I have an 3x 18650 headlamp with a LED array. I’m a little curious as to how LED arrays power on/off?
Went camping over the weekend. I was surprised that when I turned my headlamp off, one of the four diodes remained dimly illuminated sufficient enough that it still illuminates my face. Photo of the diodes below.
Hopefully this array is a lesser drain than leaving batteries in old style flashlights? I’ll leave a single battery in it for a day and see if the battery voltage drops meaningfully. Starting at 3.860V
That actually shouldn’t happen. Those arrays are just meant to be turned on/off all at once, depending how the chips are connected internally. “3V” means all 4 are in parallel (4P), “6V” means 2 strings of 2 are in parallel (2S2P), and “12V” means all 4 are in series (4S).
Only 1 on implies a 3V LED, some leakage current even when “off”, and that lit one has a lower forward voltage than the other 3.
Eg, drill 4 holes in the middle of a barrel of water, 3 even and 1 slightly lower. When full, all 4 will be spewing water, but with just enough water in it, that 1 low-hole will be dripping water, and the other 3 nothing.

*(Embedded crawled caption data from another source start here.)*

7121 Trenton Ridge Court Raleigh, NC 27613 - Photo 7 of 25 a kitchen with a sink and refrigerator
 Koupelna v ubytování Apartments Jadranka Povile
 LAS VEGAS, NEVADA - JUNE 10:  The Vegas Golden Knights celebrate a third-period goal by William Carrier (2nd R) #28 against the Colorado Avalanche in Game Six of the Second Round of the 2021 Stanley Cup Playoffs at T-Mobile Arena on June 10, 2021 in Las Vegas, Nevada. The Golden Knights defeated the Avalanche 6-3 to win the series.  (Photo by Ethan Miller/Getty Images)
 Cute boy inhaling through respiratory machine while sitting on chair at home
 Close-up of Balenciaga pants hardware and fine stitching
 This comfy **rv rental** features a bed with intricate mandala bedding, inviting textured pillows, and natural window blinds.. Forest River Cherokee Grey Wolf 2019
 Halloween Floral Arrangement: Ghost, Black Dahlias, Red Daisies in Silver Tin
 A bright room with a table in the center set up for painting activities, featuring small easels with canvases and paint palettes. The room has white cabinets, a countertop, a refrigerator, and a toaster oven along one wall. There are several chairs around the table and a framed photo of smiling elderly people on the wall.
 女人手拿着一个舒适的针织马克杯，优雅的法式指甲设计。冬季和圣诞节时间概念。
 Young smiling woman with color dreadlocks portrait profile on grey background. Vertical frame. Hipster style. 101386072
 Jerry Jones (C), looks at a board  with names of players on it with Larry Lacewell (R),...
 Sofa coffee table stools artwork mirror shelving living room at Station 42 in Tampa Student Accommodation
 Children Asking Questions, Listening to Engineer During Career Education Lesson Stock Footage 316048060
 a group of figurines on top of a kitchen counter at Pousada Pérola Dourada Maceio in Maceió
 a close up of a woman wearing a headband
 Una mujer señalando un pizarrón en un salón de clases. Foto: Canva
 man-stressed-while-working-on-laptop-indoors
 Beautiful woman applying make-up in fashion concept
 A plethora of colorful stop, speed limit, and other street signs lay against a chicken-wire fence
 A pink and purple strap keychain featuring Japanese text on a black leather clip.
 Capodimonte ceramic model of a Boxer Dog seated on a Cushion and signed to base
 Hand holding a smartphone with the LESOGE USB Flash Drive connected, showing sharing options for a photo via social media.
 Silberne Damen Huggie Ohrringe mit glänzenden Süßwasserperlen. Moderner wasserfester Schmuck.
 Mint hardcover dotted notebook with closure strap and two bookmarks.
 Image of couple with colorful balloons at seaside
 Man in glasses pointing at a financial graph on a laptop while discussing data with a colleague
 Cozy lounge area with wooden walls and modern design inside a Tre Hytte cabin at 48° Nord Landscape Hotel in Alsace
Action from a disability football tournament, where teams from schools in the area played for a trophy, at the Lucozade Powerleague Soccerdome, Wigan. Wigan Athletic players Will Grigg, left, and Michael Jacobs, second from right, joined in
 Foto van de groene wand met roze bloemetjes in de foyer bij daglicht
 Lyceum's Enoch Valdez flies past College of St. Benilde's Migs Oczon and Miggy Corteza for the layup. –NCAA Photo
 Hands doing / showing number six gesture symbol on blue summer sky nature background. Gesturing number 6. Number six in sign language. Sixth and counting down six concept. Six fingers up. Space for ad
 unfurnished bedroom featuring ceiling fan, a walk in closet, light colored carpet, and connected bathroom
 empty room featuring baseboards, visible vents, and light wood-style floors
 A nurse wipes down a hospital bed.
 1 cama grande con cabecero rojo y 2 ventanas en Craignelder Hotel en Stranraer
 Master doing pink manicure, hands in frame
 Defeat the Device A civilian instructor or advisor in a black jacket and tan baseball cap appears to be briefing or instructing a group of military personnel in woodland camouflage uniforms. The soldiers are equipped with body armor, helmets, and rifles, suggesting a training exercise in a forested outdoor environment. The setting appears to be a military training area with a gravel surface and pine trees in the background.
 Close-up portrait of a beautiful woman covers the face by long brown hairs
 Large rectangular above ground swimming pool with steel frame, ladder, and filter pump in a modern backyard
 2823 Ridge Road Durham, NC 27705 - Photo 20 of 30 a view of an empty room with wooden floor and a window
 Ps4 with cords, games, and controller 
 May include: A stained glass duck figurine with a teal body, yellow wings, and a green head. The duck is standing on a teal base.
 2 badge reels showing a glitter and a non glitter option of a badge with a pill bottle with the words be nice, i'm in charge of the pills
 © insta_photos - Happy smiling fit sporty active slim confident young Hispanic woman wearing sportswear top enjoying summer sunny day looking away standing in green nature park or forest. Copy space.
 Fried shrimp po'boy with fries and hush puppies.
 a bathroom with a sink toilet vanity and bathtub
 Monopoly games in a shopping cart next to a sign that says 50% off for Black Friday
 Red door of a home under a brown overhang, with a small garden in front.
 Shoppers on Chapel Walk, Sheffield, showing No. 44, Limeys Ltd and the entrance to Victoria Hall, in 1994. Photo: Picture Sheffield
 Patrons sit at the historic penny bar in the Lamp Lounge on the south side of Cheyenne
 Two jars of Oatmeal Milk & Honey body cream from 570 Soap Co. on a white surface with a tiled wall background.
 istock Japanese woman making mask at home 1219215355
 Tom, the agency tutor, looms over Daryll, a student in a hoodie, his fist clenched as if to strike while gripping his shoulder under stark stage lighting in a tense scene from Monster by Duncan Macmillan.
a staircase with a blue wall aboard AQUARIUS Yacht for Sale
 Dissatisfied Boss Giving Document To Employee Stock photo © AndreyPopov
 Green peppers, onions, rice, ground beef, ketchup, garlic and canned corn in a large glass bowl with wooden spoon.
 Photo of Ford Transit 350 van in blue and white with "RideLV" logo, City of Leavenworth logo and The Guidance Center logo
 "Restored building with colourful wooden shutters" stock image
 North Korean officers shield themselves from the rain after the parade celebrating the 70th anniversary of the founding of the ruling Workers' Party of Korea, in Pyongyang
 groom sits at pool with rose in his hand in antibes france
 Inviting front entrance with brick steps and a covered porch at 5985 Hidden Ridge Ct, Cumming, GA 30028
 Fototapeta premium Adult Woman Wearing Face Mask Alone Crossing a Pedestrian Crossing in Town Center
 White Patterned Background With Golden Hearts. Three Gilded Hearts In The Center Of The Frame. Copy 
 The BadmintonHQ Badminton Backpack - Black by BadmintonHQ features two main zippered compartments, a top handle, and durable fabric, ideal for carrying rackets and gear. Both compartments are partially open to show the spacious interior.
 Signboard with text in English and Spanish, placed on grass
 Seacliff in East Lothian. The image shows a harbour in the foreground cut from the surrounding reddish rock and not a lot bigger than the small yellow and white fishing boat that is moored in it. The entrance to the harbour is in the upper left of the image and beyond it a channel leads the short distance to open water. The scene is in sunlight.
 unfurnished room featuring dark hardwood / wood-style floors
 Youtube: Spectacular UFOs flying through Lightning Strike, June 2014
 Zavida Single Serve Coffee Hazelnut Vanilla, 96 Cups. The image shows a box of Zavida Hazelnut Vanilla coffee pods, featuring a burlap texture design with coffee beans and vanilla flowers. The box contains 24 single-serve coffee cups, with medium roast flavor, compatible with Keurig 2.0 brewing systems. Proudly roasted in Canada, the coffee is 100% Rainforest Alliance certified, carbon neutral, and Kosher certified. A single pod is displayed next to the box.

Thank you for the great explanation!
After 24 hours this single battery only dropped to 3.859V so a 24 hour loss of 0.001V which is what I’d expect for a stored battery anyways.
I’ll assume the worst and that the leakage can and will increase as time goes on.
Despite the leaking diode, my mind is blown how energy efficient these cheap present day LEDs are with getting several hours of super bright light. Cheers!